Print nothing but the lines below starting at the line that holds "دو باب مسکن" and ending at the line that holds "Mahindra Xuv300 W8 Diesel, 2022, Diesel", including both, each exactly as written.

Information supplied
============================================================

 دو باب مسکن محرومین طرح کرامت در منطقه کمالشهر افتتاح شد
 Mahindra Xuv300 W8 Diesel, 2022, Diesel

============================================================

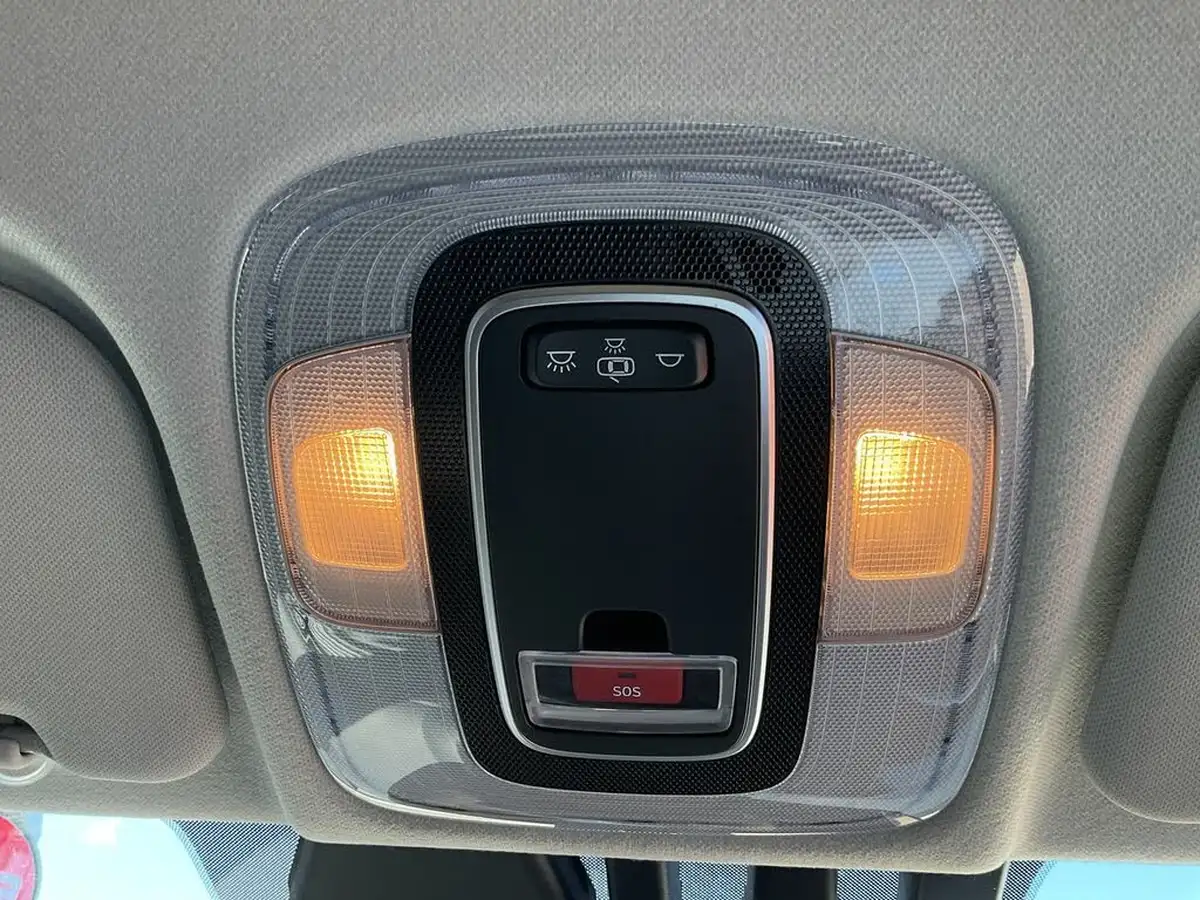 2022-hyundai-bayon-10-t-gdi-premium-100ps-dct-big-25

============================================================

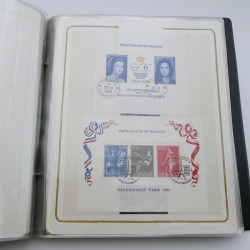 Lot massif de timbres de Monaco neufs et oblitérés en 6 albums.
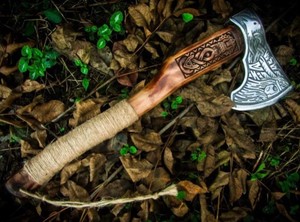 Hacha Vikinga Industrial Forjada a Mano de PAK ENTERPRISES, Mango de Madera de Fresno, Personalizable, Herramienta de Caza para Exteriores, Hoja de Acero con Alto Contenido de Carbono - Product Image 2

============================================================

Response area
 دو باب مسکن محرومین طرح کرامت در منطقه کمالشهر افتتاح شد
 Mahindra Xuv300 W8 Diesel, 2022, Diesel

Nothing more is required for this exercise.